◆ Exercise directions ◆
The answer must be an exact printing of every record below, with the pictures omitted.

___ Available data

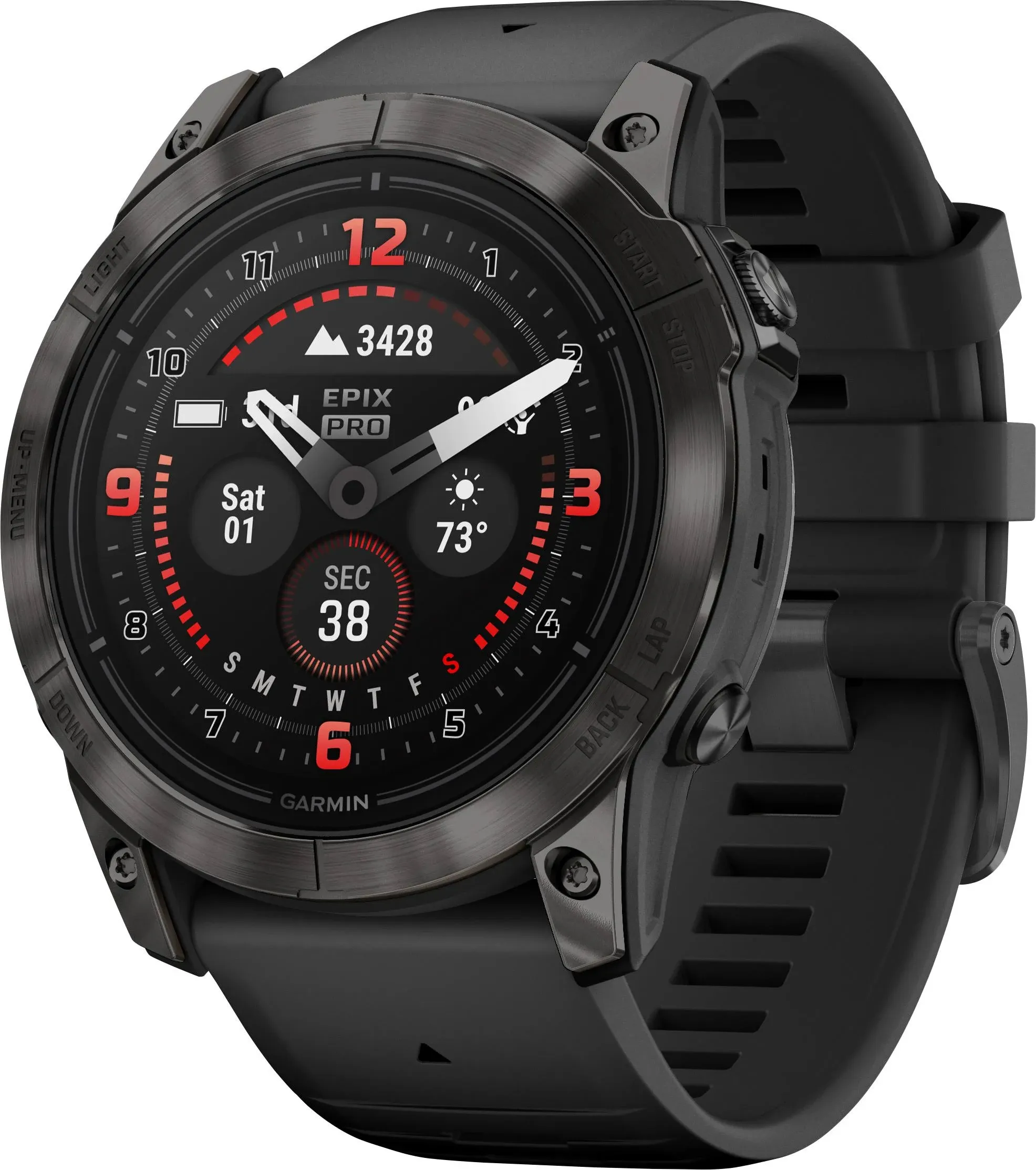 Garmin Epix Pro (Gen 2) Sapphire Edition 51 mm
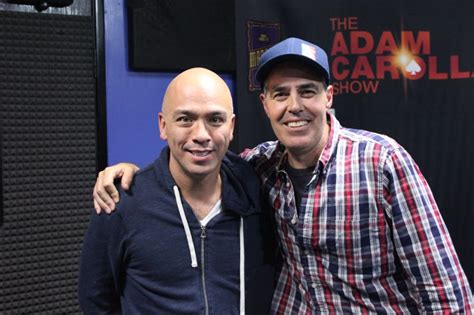 Jo Koy and Bill Courtney - The Adam Carolla Show - A Free Daily Comedy ...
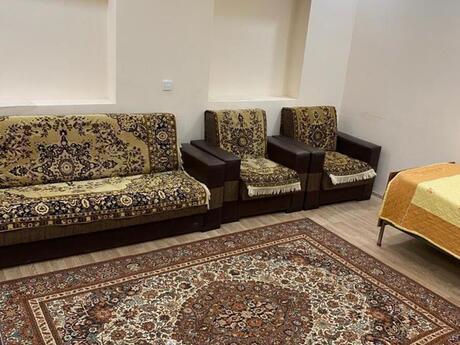 3 otaqlı həyət evi/bağ evi - Nəsimi r. - 60 m²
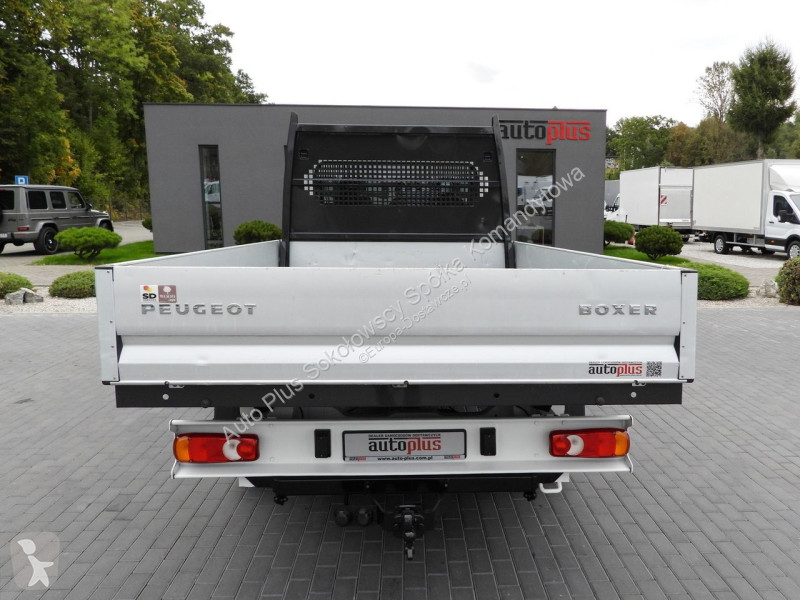 Samochód dostawczy Peugeot  BOXER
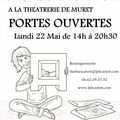 Portes ouvertes le 22 mai 2017 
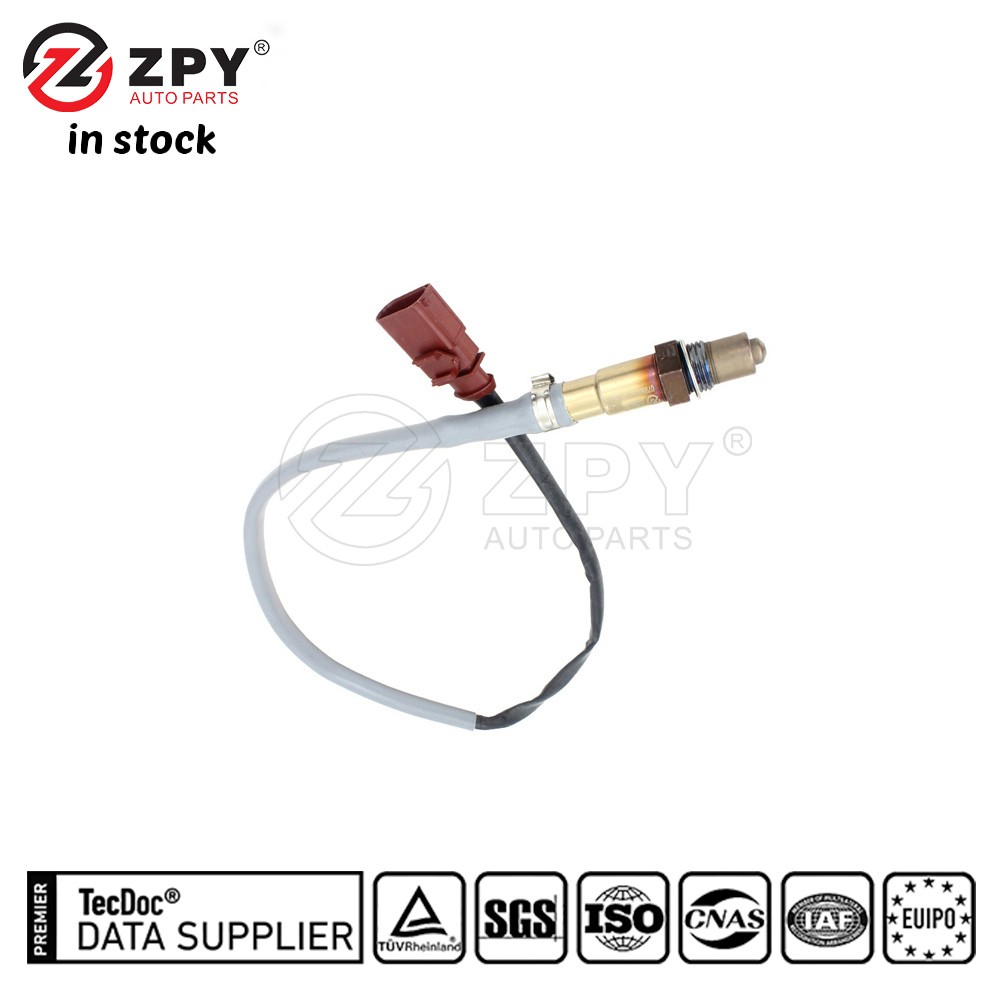 BEYU New Rear Right Oxygen Sensor For Audi Porsche Volkswagen 079 906 265J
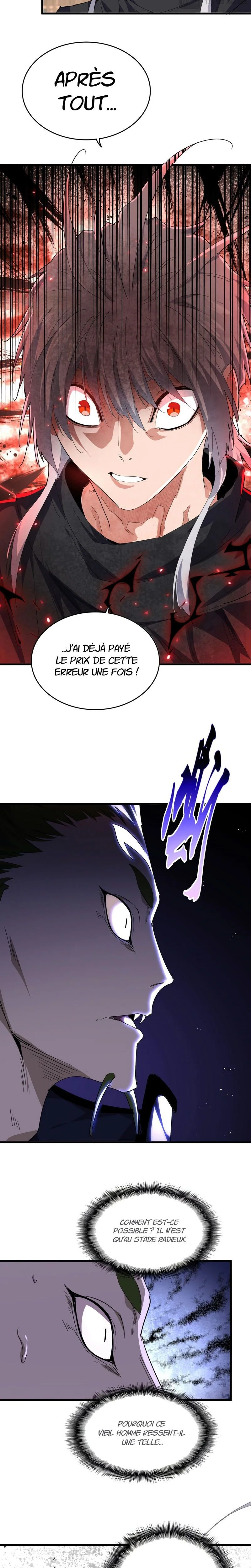 Demonic emperor Chapitre 831 - Page 14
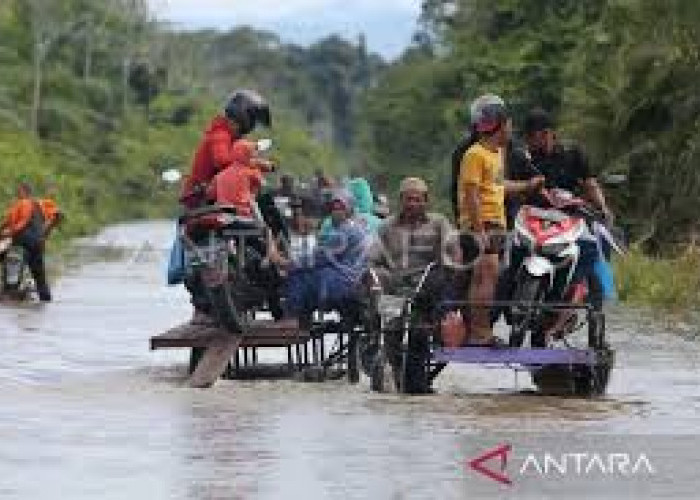 Sebagian Wilayah Aceh Sudah Masuk Peralihan Musim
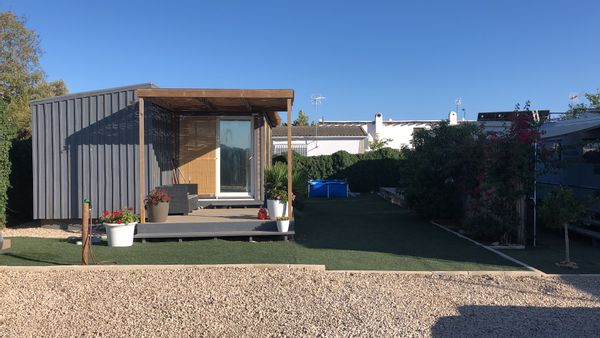 La maison de Manuel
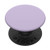 Simple Solid Color Chic Pale Purple Design PopSockets PopGrip: Swappable Grip for Phones  and  Tablets
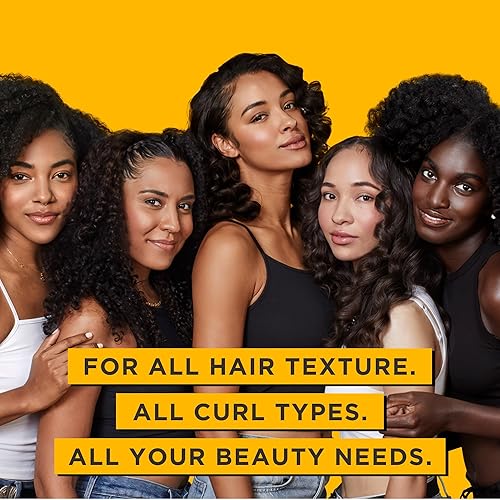 Miniatura 5 de Carols Daughter Goddess Strength Repairing Cocoon - Máscara hidratante para cabello seco dañado y rizado restaura la humedad hecha con aceite de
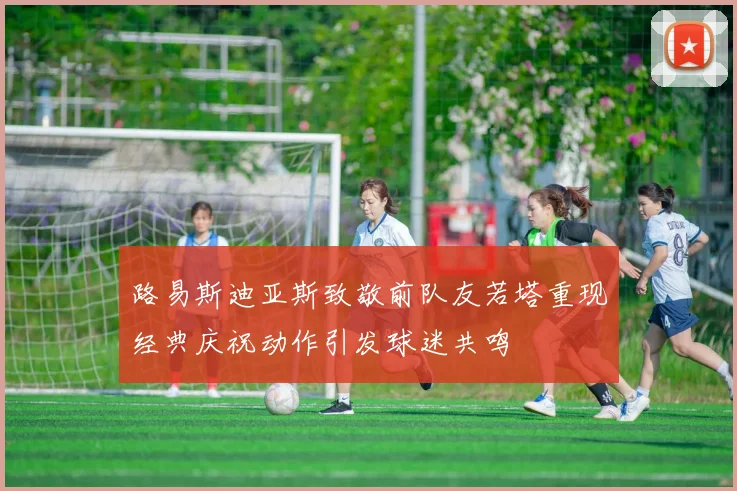 路易斯迪亚斯致敬前队友若塔重现经典庆祝动作引发球迷共鸣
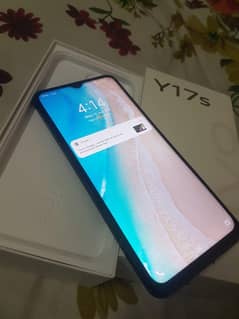 vivo Y17s 6+128GB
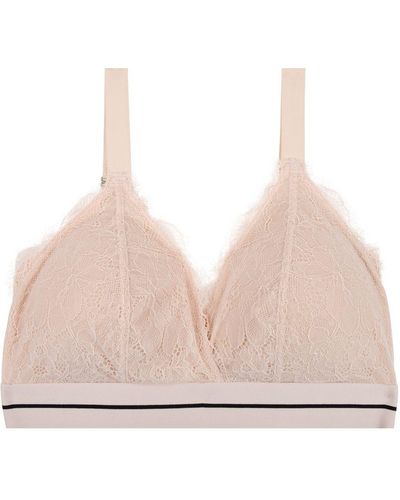 Love Stories Darling Lace Bralette - Pink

______

◆ Expected answer ◆
 Garmin Epix Pro (Gen 2) Sapphire Edition 51 mm
 Jo Koy and Bill Courtney - The Adam Carolla Show - A Free Daily Comedy ...
 3 otaqlı həyət evi/bağ evi - Nəsimi r. - 60 m²
 Samochód dostawczy Peugeot  BOXER
 Portes ouvertes le 22 mai 2017 
 BEYU New Rear Right Oxygen Sensor For Audi Porsche Volkswagen 079 906 265J
 Demonic emperor Chapitre 831 - Page 14
 Sebagian Wilayah Aceh Sudah Masuk Peralihan Musim
 La maison de Manuel
 Simple Solid Color Chic Pale Purple Design PopSockets PopGrip: Swappable Grip for Phones  and  Tablets
 Miniatura 5 de Carols Daughter Goddess Strength Repairing Cocoon - Máscara hidratante para cabello seco dañado y rizado restaura la humedad hecha con aceite de
 路易斯迪亚斯致敬前队友若塔重现经典庆祝动作引发球迷共鸣
 vivo Y17s 6+128GB
 Love Stories Darling Lace Bralette - Pink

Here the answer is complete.